# S&W Sigma 40



## einirvine (Mar 19, 2009)

I just purchased the Smith Sigma .40. I am doing my gun safety check next week when i pick it up. i have never handled or shot a hammer-less gun. How do i un cock this gun?? Help.

einirvine


----------



## Todd (Jul 3, 2006)

1) Drop the mag
2) Rack the slide numerous times to make sure it is not loaded.
3) Lock back slide and visually and physically make sure the gun is not loaded
4) Release slide
5) Point gun in safe direction
6) Fire
7) Your striker fired weapon is now uncocked - although I am a bit confused as to why you need to do it. Long-term storage concerns?


----------



## bruce333 (Sep 1, 2006)

E in Irvine...mmmm...


einirvine said:


> I am doing my gun safety check next week when i pick it up.

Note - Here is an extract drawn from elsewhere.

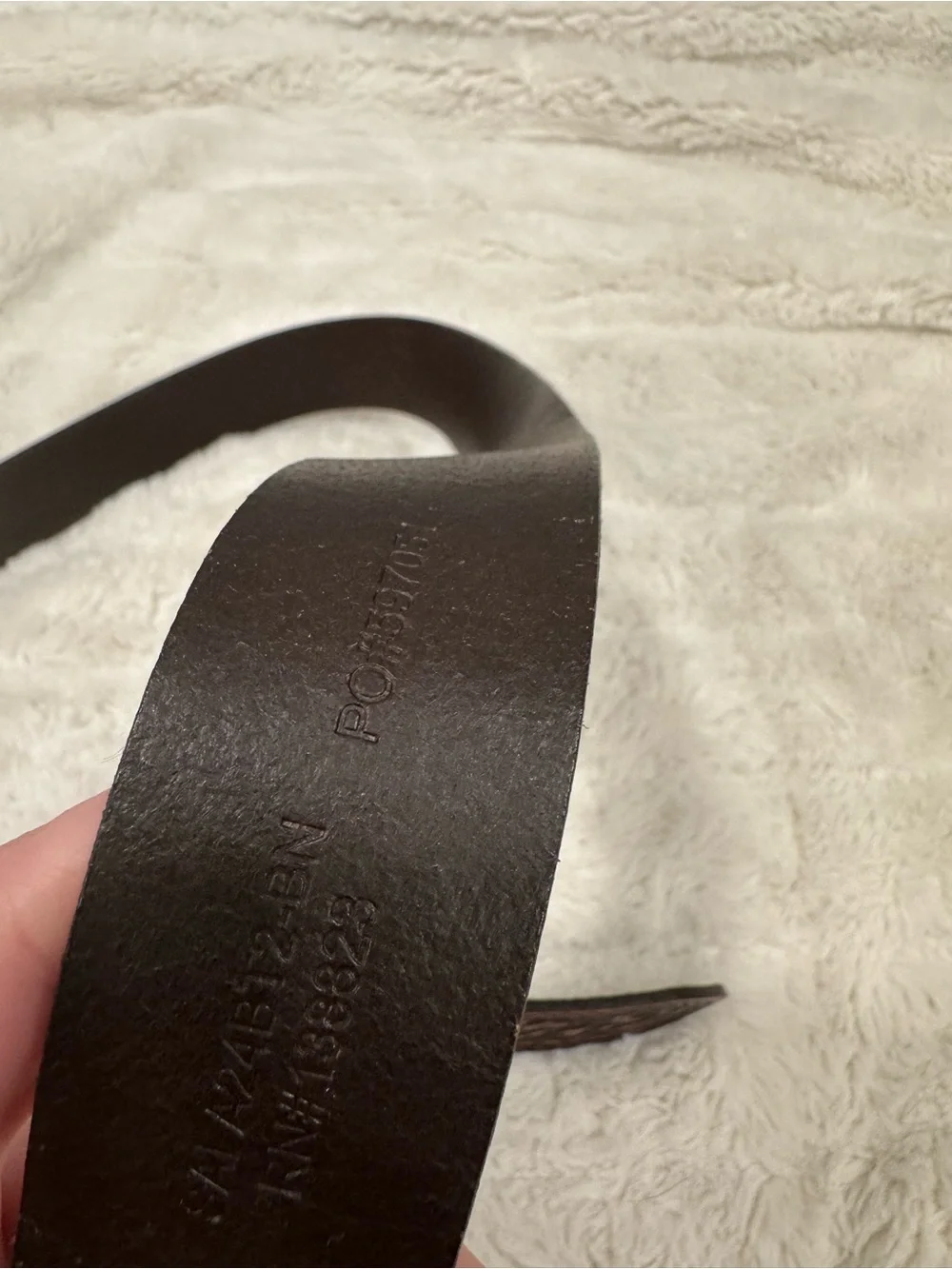 NWT Shyanne Women’s Tooled Cross Leather Belt - Picture 8 of 8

is that some of that California mess?


----------



## PhilR. (Apr 25, 2007)

Most of the strker-fired guns are not cocked in the first place. It's the rearward movement of the trigger that cocks, then fires, the pistol. This is one reason why most do not have a de-cocker - there is no need to de-cock in the first place.

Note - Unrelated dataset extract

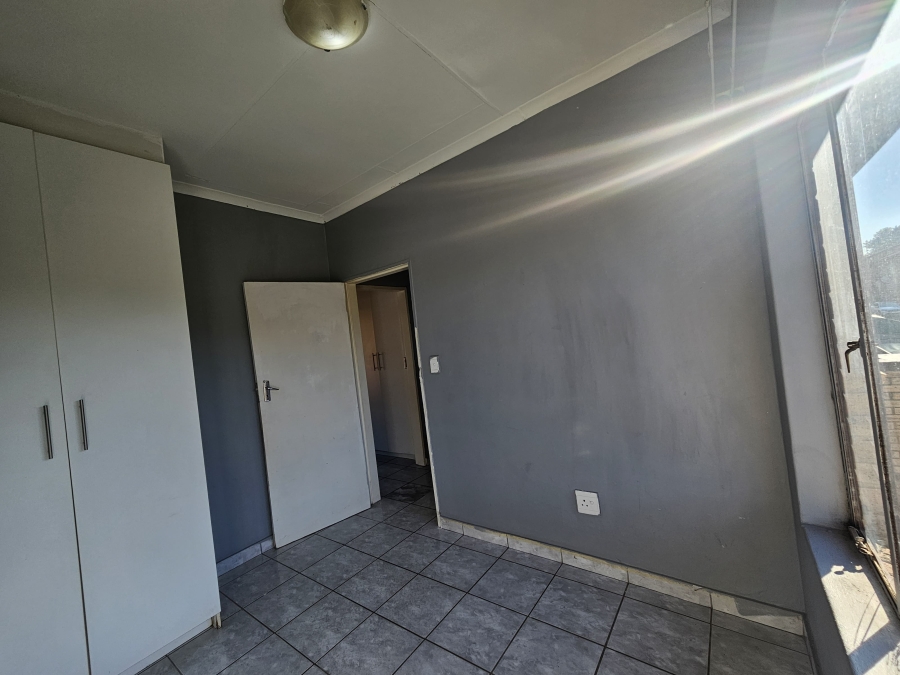 To Let 2 Bedroom Property for Rent in Meredale Gauteng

I cannot say for certain if your pistol is like a Glock, or more like and XD in the way it's mechanism works.


----------



## DevilsJohnson (Oct 21, 2007)

The sigma is Very "Glock Like" in it's design and function. The one glaring difference is you can feel in a Glock trigger when the trigger is close to releasing the firing pin and with a Sigma is it the same tension until it fires. Especially if you do the striker spring replacement. It was my only beef with the weapon was you didn't know when the trigger was close to releasing the striker unless you were used to firing the weapon. With a Glock you can feel it a lot more.


----------



## ZO6Vettever (Mar 30, 2009)

I have a Sigma and it's a fantastic self defense weapon. Does everything it's made to do, every time, without a hiccup. Long, hard trigger = no Plaxico discharges and nobody will notice the 10# trigger if SHTF!


----------